With or without quotas, The Atlantic succeeded in hiring fewer of these white males. Since 2020, nearly two-thirds of The Atlantic‘s hires have been women, along with nearly 50 percent people of color. In 2024, The Atlantic announced that three-quarters of editorial hires in the past year had been women and 69 percent people of color. 

The irony was, where older white men remained in charge, especially where they remained in charge, there was almost no room to move up. “If you hired a team of white guys around you, you were putting a target on your back,” recalled the hiring editor. At The New York Times Magazine (one of the few prestige magazines with a public masthead), Jake Silverstein, a Gen-X white man, serves as editor-in-chief, and Bill Wasik, another Gen-X white man, serves as editorial director. But of nine millennial senior editors and story editors below them, there’s just one white guy—and he’s been there since 2012, effectively grandfathered in.  

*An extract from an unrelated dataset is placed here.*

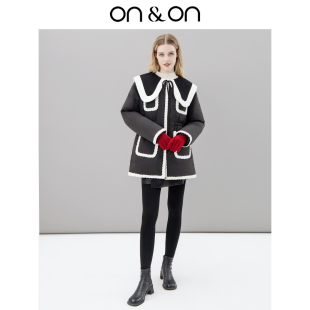 ON＆ON 韩系撞色气质减龄娃娃领设计感抽绳收腰羽绒服 安乃安冬季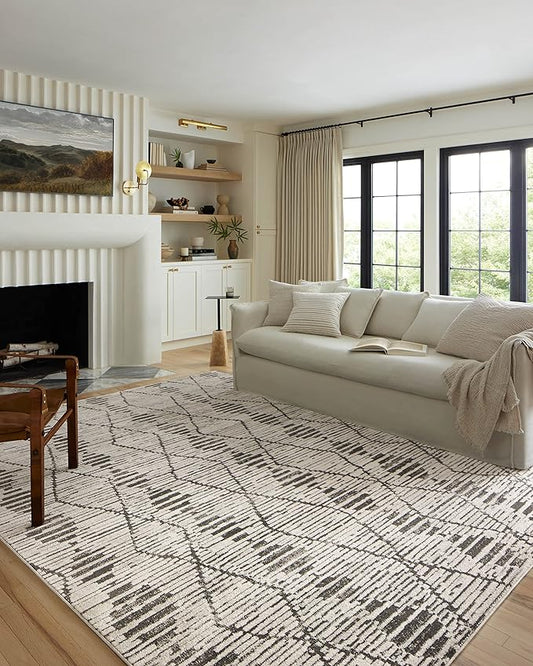 Loloi Kamala Collection KAM-02 Charcoal/Dove 2'-7" x 10'-0" Runner Rug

There has been a growing focus on what is called “elite overproduction,” and on the reality that more people are promised prestige and well-paying jobs than there are slots available. When this happens, political instability always follows as a highly educated class that was promised power decides that the system must be upended. Revolutionaries almost always come from such classes—highly educated and highly disaffected. 

At the very bottom of the ladder, the picture is little different. Since 2020, only 7.7 percent of Los Angeles Times interns have been white men. Between 2018 and 2024, of the roughly 30 summer interns each year at The Washington Post, just two or three were white men (in 2025, coincident with certain political shifts, the Post’s intern class had seven white guys—numbers not seen since way back in 2014). In 2018 The New York Times replaced its summer internship with a year-long fellowship. Just 10 percent of the nearly 220 fellows have been white men. 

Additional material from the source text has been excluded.